Two Rounds of Country Swing

Golfers tee off in the bucolic beauty of Rancho San Marcos and La Purisima, where well-manicured and challenging holes are par for the course

July 02, 2000|LUCRETIA BINGHAM | Lucretia Bingham is a freelance writer who recently moved from Los Angeles to Old Lyme, Conn

SOLVANG, Calif. — There was no sign of human habitation, not even a tower or a telephone wire--just an endless series of folded hills, with mountains beyond and green, green grass below. Only the caw of a crow and the purr of our electric cart broke the silence.

This place fit golfers to a tee: a new course called Rancho San Marcos, designed by Robert Trent Jones Jr. and one of Golf Magazine's "top 10 you can play."

My golfing buddy, Garrard, and I had seen an ad for the Royal Scandinavian Inn in Solvang that promised golf packages with Rancho San Marcos or La Purisima, both nearby favorites among aficionados of the sport. We decided to book the Purisima package and precede our stay with a round of golf, paid for separately, at Rancho San Marcos.

So early on a Saturday morning last September, after a 1 1/2-hour drive from L.A., we arrived at Rancho San Marcos, off California 154 halfway between Santa Barbara and Solvang. The course was built on the grounds of a working ranch established in 1804.

The clubhouse is simple and elegant, with outside tables under canvas umbrellas and a pond filled with ducks, coots and a few herons. The service was anything but simple; it was solicitous.

The staff made sure we understood the workings of our state-of-the-art carts, with built-in ball and club washers. The employees offered unlimited buckets of balls on the practice range and heaps of balls next to the chipping greens, all at no additional charge.

The vast putting green had bumps and gullies, something rare for most practice greens but welcome because it more closely resembled course conditions. Even the ashtrays had freshly swirled sand rather than a stand of butts.

Rancho San Marcos starts with a wide-open par five. The fairway turf was excellent, and the undulating green rewarded a gentle touch. The hole proved to be a good harbinger. All 18 holes were in fine shape, and everything was nicely targeted; the 150-yard markers were highly visible, even from the tees.

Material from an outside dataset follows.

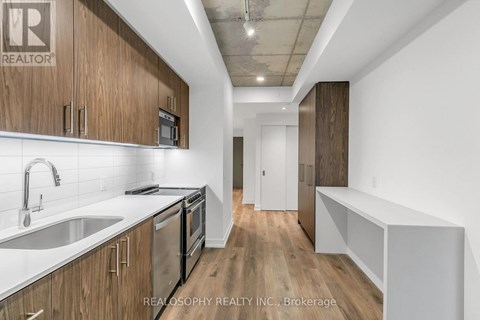 A kitchen with wooden cabinets and stainless steel appliances.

The second hole was a sweet par three nestled under old oaks, the surrounding rough as thick as a bear's pelt. No. 3 was called River Run. "They should call it 'It's a Wash!' " Garrard said, because the river that ran alongside the hole was as white and dry as a bone.

On this hole we began to realize, with a foursome in front of us, that we were averaging 18 minutes a hole, which would make the round a stunningly slow 5 1/2 hours. But we slid into a molasses mode, and the day slipped past pleasantly.

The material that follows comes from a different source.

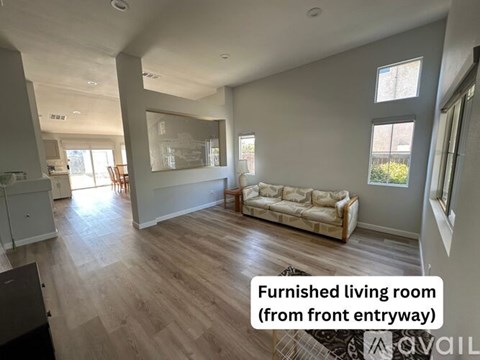 A living room with a couch and a mirror on the wall.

As the afternoon waned, the sand traps grew finely etched shadows. Our approach shots stayed clear, though, rolling toward each green as if funneled away from the rough.

The back nine climbed precipitously up into the hills overlooking lovely Lake Cachuma. Holes 13 and 14, both par three, straddled the apex. We hit down to a green with falloffs hundreds of feet deep on either side. Hole 17 ran along the original stagecoach route. Riding a few hundred feet on this bone-shattering road made us grateful for asphalt and concrete. We swooped back down to the clubhouse on 18 around 5 p.m.

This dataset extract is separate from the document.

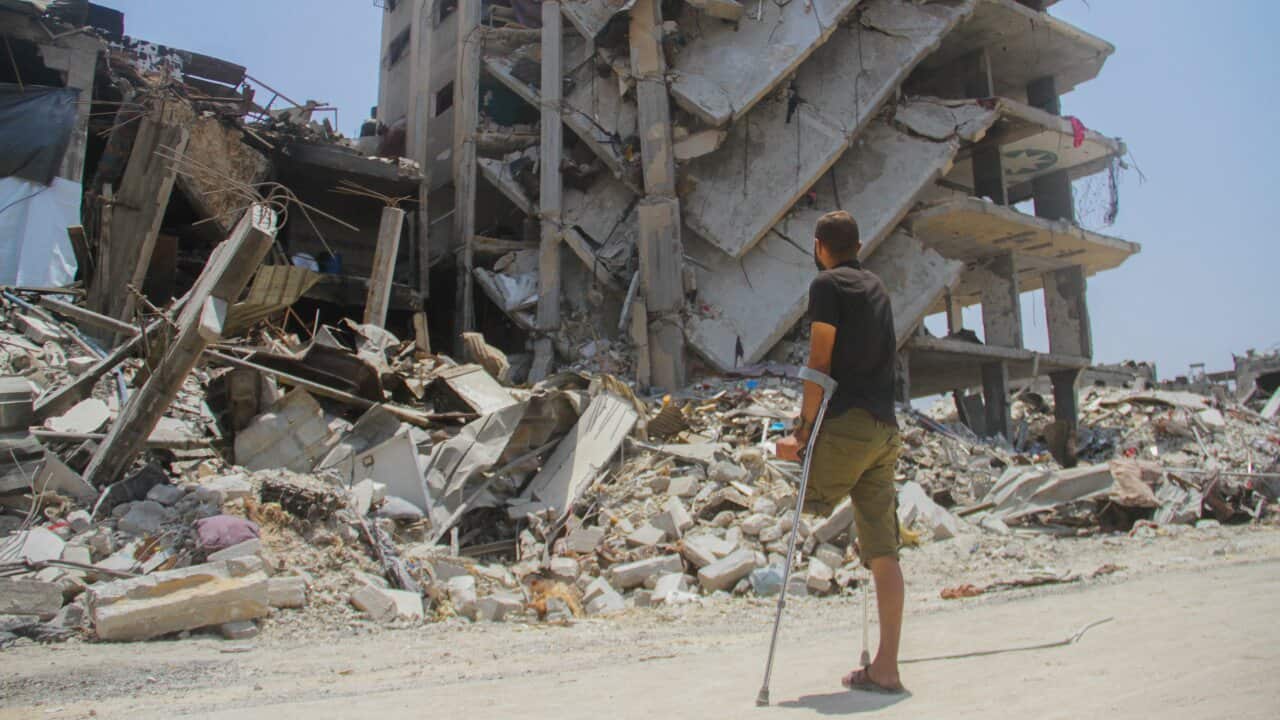 A man holding a crutch stands amongst the rubble of devastated homes.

Then we headed toward Solvang, 25 minutes to the northwest. We stopped at Mission Santa Ines, next to our hotel. A crowd was worshiping in the high-beamed main chapel, beautifully painted in pale greens and pinks, but the side chapel was my favorite. Its paintings depicted three figures: one a dolorous soul, the other two brimming with life. One wore a floral dress. The other's skirt had tendrils of ivy. The colors of the paint matched the lavender, pink and deep red of the sunset outside. Three children knelt in a row beneath the Virgin of Guadalupe and sang along with the Mass next door.

We checked into the Royal Scandinavian Inn--more than a charming motel but slightly less than a boutique hotel.

The rooms are decorated with Danish hand-painted furniture, and the lobby is large, with a huge stone fireplace. The staff reviewed the details of our golf package, which included golf balls and tees, drinks, buffet breakfasts and a round for Garrard and me at La Purisima the next day. (Accommodation-only rates through Sept. 8 run $104 to $154 per night.)

When I added up the prices, I realized we would have spent $75 less if we had taken Rancho San Marcos as part of the package and paid for La Purisima separately.

We retired to the poolside hot tub, which had a somewhat obstructed view of the surrounding hills and a better view of the other guest rooms, many with balconies. (They looked as if they had great views, but our package didn't include a room with a balcony.)

For dinner we drove five miles north on California Highway 246 to the Santa Ynez Feed & Grill. The restaurant is in a barn-like structure, an old feed store that is all whitewashed and elegantly distressed.

Chef Norbert Schultz's four-course dinner was superb. The watercress salad was "so fresh it must have screamed when it was yanked from the stream outside," Garrard said.